What the exercise asks: Take the material below and reproduce, word for word, only the lines from the line with "This is medical" through the line with "Hi everybody. My".

Supplied information:
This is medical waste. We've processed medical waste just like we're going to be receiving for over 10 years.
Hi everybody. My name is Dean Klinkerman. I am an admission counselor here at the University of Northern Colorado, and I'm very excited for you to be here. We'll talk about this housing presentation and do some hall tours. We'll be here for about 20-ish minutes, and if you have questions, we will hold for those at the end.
==
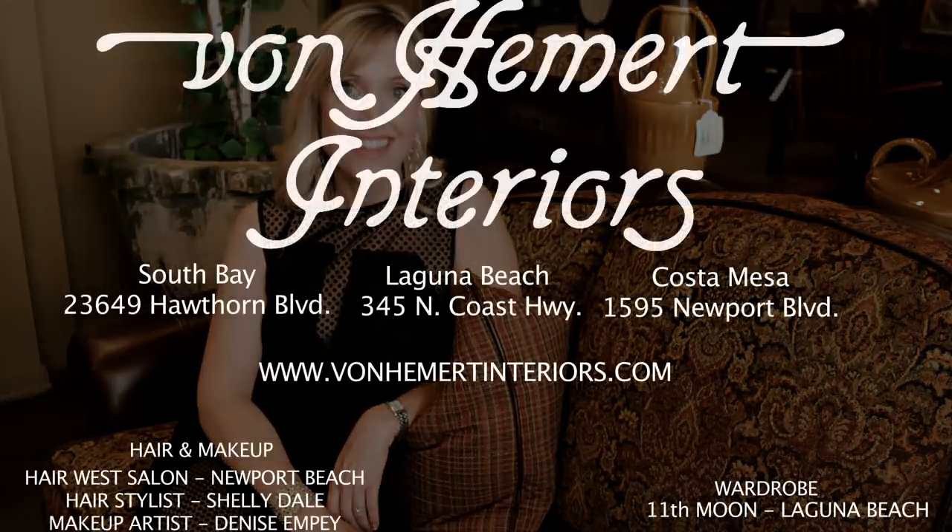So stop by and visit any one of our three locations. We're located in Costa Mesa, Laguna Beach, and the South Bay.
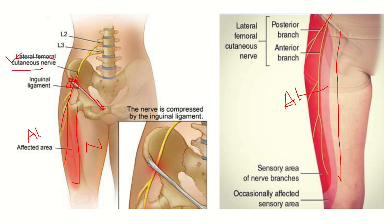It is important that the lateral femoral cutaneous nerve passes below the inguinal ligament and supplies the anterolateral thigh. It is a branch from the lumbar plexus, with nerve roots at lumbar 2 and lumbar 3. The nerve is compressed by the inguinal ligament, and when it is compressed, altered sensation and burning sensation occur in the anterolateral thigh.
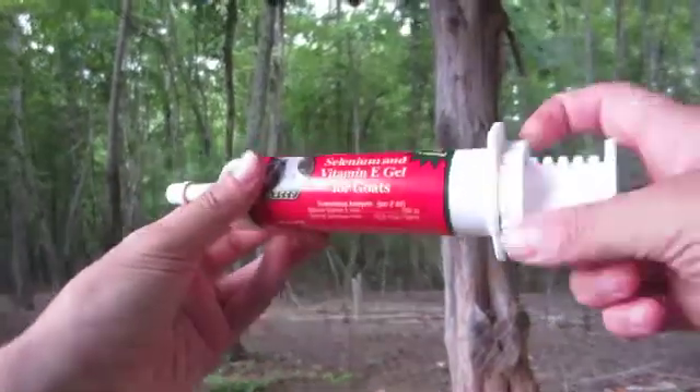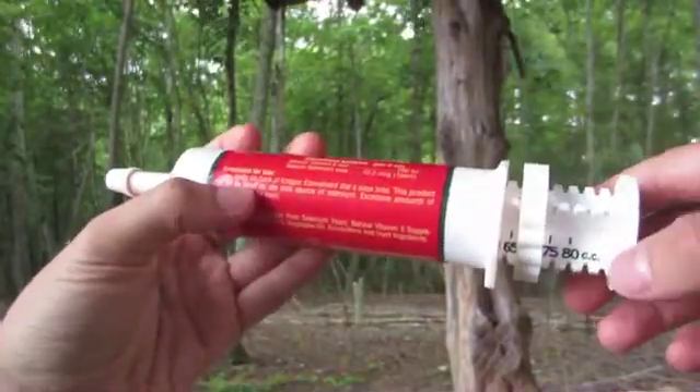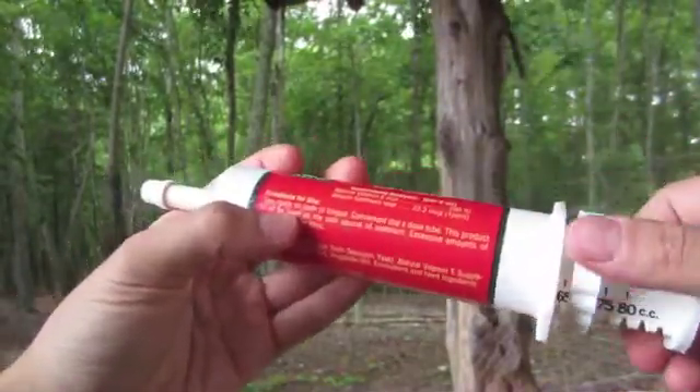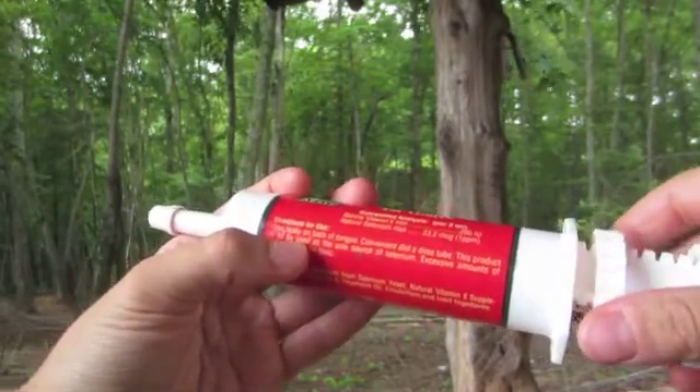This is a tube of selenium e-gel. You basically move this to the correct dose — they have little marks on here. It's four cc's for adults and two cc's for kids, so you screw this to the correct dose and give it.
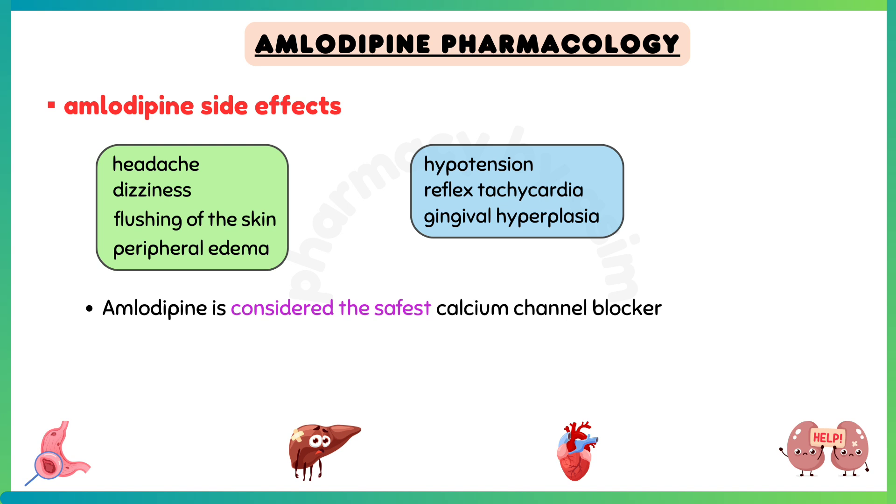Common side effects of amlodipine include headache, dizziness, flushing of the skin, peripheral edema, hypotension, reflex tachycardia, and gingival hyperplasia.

Response:
This is medical waste. We've processed medical waste just like we're going to be receiving for over 10 years.
Hi everybody. My name is Dean Klinkerman. I am an admission counselor here at the University of Northern Colorado, and I'm very excited for you to be here. We'll talk about this housing presentation and do some hall tours. We'll be here for about 20-ish minutes, and if you have questions, we will hold for those at the end.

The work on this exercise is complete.